Si regresar al pasado cuesta, dejar que el lector le acompañe en este recorrido de ausencias, cuesta doblemente. Pero en literatura, como en la vida, uno recibe siempre algo a cambio de lo que da. Por eso, es muy probable que Màxim Huerta reciba, a trueque de esta excelente novela, las mejores críticas en su trayectoria como escritor.
Es la más íntima, la más personal, la más turbadora, y también, la más generosa. Hospedado en sus recuerdos, que son dolores, vuelca sin remisión no ya la historia de ese amor que se cuajó y desheló en la ciudad de los buquinistas, sino la parte escondida de esa relación. La que no se ve, la que no se oye, que es, desde luego, la que más dolió.
El escritor se abandona al oficio con un tono sincero pero vigilante, sin saber hasta qué punto, al ir contando, está dejando al descubierto casi toda la parte que flota. Y lo ha hecho con la fascinación que da manejar bien las reglas del juego. Una tiene la sensación de que el oficio le acuna. Escava en el ayer, saca tierra fuera, husmea, tantea, selecciona, hasta encontrar frases y palabras que le proporcionan la expresión adecuada, la que mejor reconstruye el recuerdo. Y esa faceta dura que tiene el ser escritor, ese ángulo amargo que como lectores ignoramos se convierte en el más firme andamiaje de su novela.
Ha querido contarnos la historia en primera persona, quiere ser un acto confesional. Lo suyo es testimoniar con palabras y silencios un amor que quedó atrapado en su garganta hace muchos años. No sabemos mucho más. ¿Qué pasó? No hay respuesta. Tal vez, que pasó. Ni siquiera conocemos si se abandonó en el punto culminante de la pasión. Ahora está amortajado y enterrado en el olvido, pero aún le proporciona algún momento de felicidad extraña cuando deja correr el aire por las grietas de su pasado.
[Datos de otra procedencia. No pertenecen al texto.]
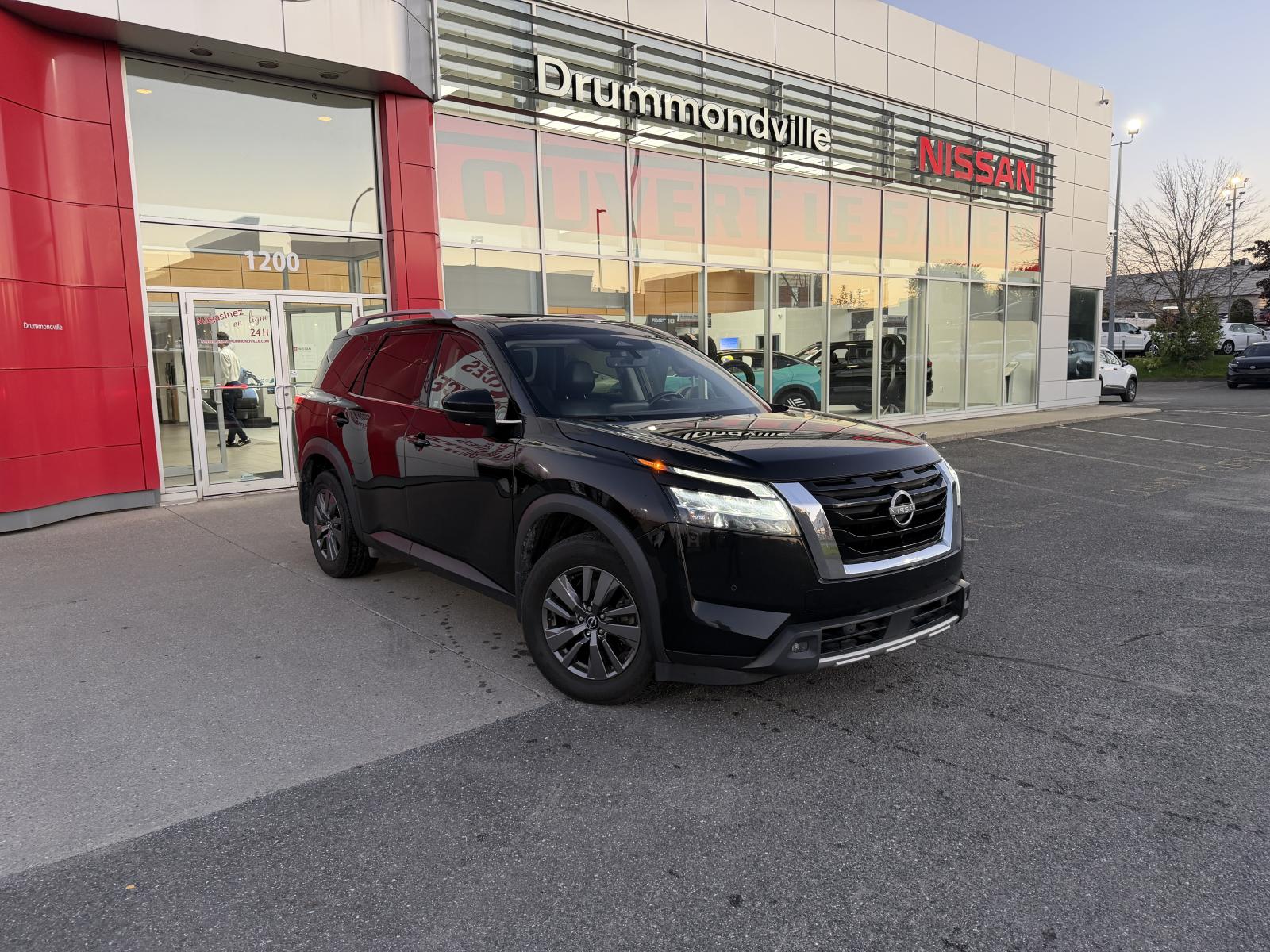 Nissan Pathfinder SL 2023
Màxim Huerta es hombre enamoradizo y en otros libros ya mostró algún pedazo de esa parte suya que flota, pero en esta novela quiere sacarlo todo. En eso, como he dicho antes, la mirada del valenciano ha sido generosa: “Te doy todo este libro para que aparezcas”. Pudiendo olvidar, se pone a escribir para que ese amor se quede para siempre en una novela. No se puede ser más generoso.
Es también hombre afectivo y en estas páginas no se contiene. Derrocha afecto por su infancia, por su abuela Irene, por sus amigos. Nos vincula al vaho de sus emociones con afán de hacer de esas vivencias remotas algo entrañable también para nosotros. Esto no convierte al libro en un texto optimista, ni alegre, no se engañe el lector. Sobre estas líneas pesa una misteriosa tristeza. Los capítulos están embadurnados de una turbia penumbra apenas disipada y diluida en sorbos de café crème.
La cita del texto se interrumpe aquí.